Distinctly aristocratic and sophisticated on the nose, oozing class and breed. Still tightly coiled, but it’s all there: spice, macerated dark berries, violets. I could not stop smiling as I nosed this wine. Dense dark fruit, medium to full-bodied and wonderfully balanced. It has that crescendo I look for in wines of pedigree as it hovers on your palate. Then it just plateaus and persists after it leaves your palate. Truly amazing now, and it will just get better! This gets my vote as the top wine of the entire tasting. Wow.

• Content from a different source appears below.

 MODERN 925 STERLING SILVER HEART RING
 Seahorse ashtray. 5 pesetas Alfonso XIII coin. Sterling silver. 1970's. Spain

2007 Domaine du Comte Liger-Belair La Romanée Grand Cru

The lightest coloured of the trio. Are we tasting the same wine? But never judge a book by its cover. The 2007 possesses the most complex nose of the trio. Inviting, open, effortless and classy with an assured confidence. There is no need for any loud theatrics – it shines by virtue of its exquisite elegance, medium-bodied frame and balance. Drinking perfectly and simply on fire today. A shade behind the 2006, but it outperforms the 2008 by a mile.

2008 Domaine du Comte Liger-Belair La Romanée Grand Cru

The youngest La Romanée was caught in an awkward spot. Reluctant despite vigorous swirling, yielding only small hints of what its older 2006 sibling has in abundance. Medium to full-bodied. Slightly clumsy, displaying firm tannins and some earthy salinity with the shortest finish of the trio (although there is still very respectable length). I may be a little harsh on the 2008, but the preceding two wines left me with very lofty expectations! Hope to re-visit this wine in the future.  

This incredible line up of wines clearly demonstrates why Domaine du Comte Liger-Belair is so highly revered among oenophiles. Their tireless pursuit of perfection coupled with miniscule supply fuels the insatiable global demand and ensuing eye-popping prices. These factors propel their meteoric rise and cult following it now enjoys. In my humble opinion, Domaine du Comte Liger-Belair sits at the same high table of burgundy alongside Domaine de la Romanée Conti, Domaine Leroy & Domaine Armand Rousseau.